Endangered and threatened species can be saved. The following are a few species that have been been brought back from the edge of extinction in the Bay region:

  • Bald Eagle (threatened). After reaching an all-time low in the late 1960s and early 1970s, the bald eagle began recovering after the pesticide DDT was banned and public awareness of the bird’s plight increased. More than 300 nesting pairs now reside in the Bay region. Because of its successful recovery, the bald eagle was recently downlisted from endangered to threatened.

  • Peregrine Falcon (endangered). By the early 1960s, this bird had been wiped out east of the Mississippi River because of the use of DDT. As a result of the DDT ban and a reintroduction program, more than 100 pairs now nest in the East, including many in the Bay region, which are sometimes found nesting on human-built structures such as bridges and buildings. Consideration is now being given to downlisting the peregrine from endangered to threatened.

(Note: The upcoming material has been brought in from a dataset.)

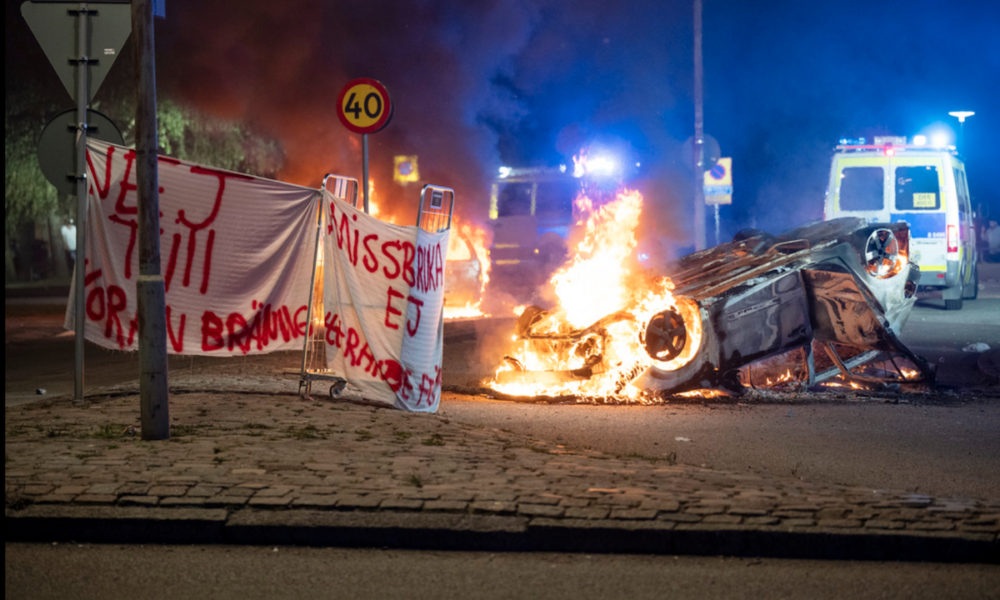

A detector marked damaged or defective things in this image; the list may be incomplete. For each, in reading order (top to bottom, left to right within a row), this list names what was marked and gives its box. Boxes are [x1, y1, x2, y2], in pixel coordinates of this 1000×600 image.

overturned burning car [496, 217, 932, 398]
burnt car chassis [500, 218, 936, 396]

  • Peters Mountain Mallow (endangered). This species, currently known to occur only on Peters Mountain in Giles County, Va., consisted of 50 individuals in 1927 but had dropped to only three when it was listed in 1986. Federal listing promoted research that determined fire was required for the plant to germinate. The population site was purchased by the Nature Conservancy, which allowed the Virginia Department of Conservation and Recreation to complete controlled burns in appropriate habitat. Since then, hundreds of mallow seedlings have germinated in the burned plots, dramatically improving the outlook for the species.

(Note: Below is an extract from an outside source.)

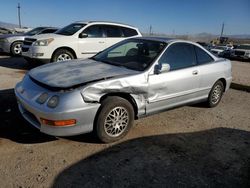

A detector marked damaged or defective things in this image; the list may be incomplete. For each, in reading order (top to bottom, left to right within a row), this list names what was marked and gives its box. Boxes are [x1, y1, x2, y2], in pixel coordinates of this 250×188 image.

  • Virginia Round-Leaf Birch (threatened). This tree species is known to exist only on the banks of one creek in southwestern Virginia. Forty-one trees were known to exist in 1975, but by 1985, the population dropped to 11 individuals as a result of vandalism and predation (browsing by deer and rabbits and insect damage). Fencing placed around the trees and stabilization of the stream banks by the Natural Resources Conservation Service have protected the wild population. In partnership with the NRCS, the U.S. Forest Service has established 20 new populations, totaling about 1,400 trees, from greenhouse propagules. As a result of these successful recovery efforts, the species was recently reclassified as threatened.